13. Funding and Payment of Benefits.    This Plan shall be maintained in a manner to be considered “unfunded” for purposes of ERISA.  The Company shall be required to make payments only as benefits become due and payable.  No person shall have any right, other than the right of an unsecured general creditor against the Company, with respect to the benefits payable hereunder, or which may be payable hereunder, to any Covered Employee, surviving spouse or beneficiary hereunder.  If the Company, acting in its sole discretion, establishes a reserve or other fund associated with this Plan, no person shall have any right to or interest in any specific amount or asset of such reserve or fund by reason of amounts which may be payable to such person under this Plan, nor shall such person have any right to receive any payment under this Plan except as and to the extent expressly provided in this Plan.  The assets in any such reserve or fund shall be part of the general assets of the Company, subject to the control of the Company. 
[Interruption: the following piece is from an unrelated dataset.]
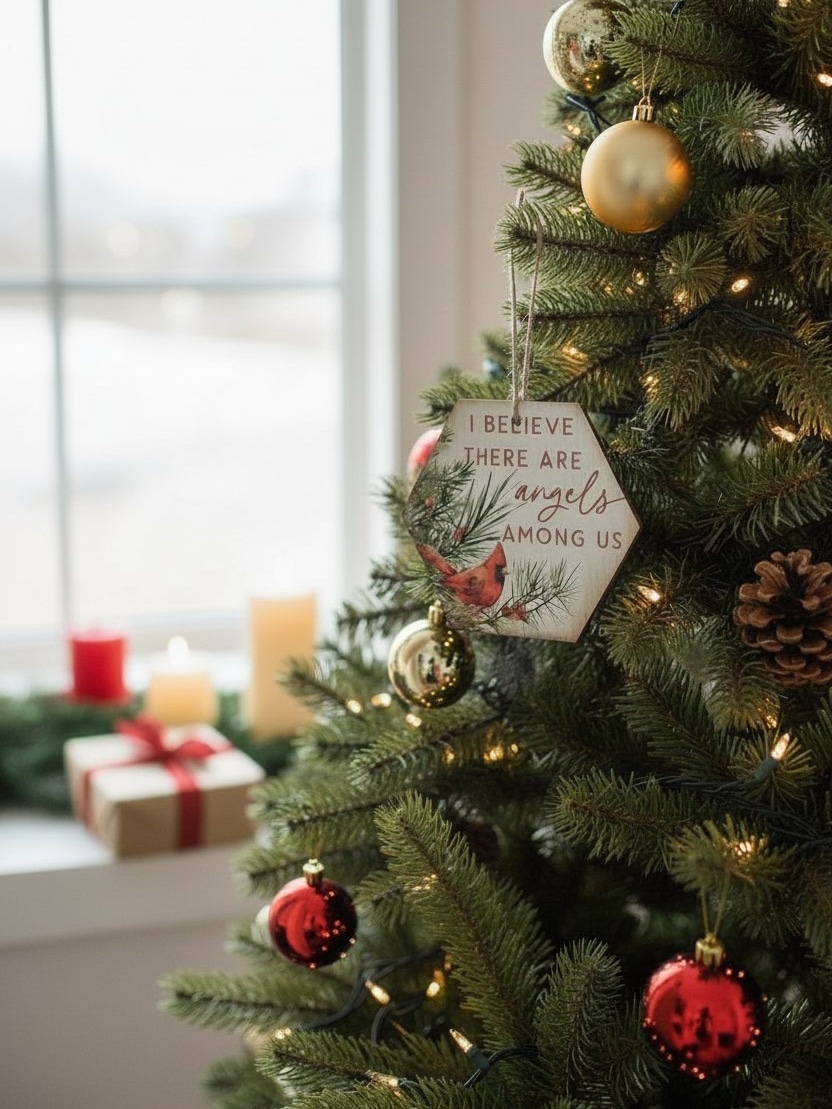 be-made-hays-ks-on-tree-cardinal-ornament Cardinal “Angels Among Us” wooden ornament hanging on a decorated Christmas tree with lights and baubles.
14. Plan Application.  This Plan shall be the only plan, agreement or arrangement with respect to which benefits may be provided to you upon a termination of your employment and supersedes all prior agreements, arrangements or related communications of the Company relating to separation benefits or accelerated vesting benefits for the Covered Employees, whether formal or informal, or written or unwritten.  However, if a prior plan or agreement requires the consent of the employee in order for such prior plan or agreement to be modified or amended or superseded by this Plan, such consent must be obtained from such employee in order for this Plan to supersede such prior plan or agreement, it being understood that, in accordance with Section 5, the benefits payable hereunder shall be reduced by the benefits payable under such plan or agreement.  Subject to the foregoing, any benefits under this Plan will be provided to Covered Employees in lieu of benefits under any other separation plan or agreement. 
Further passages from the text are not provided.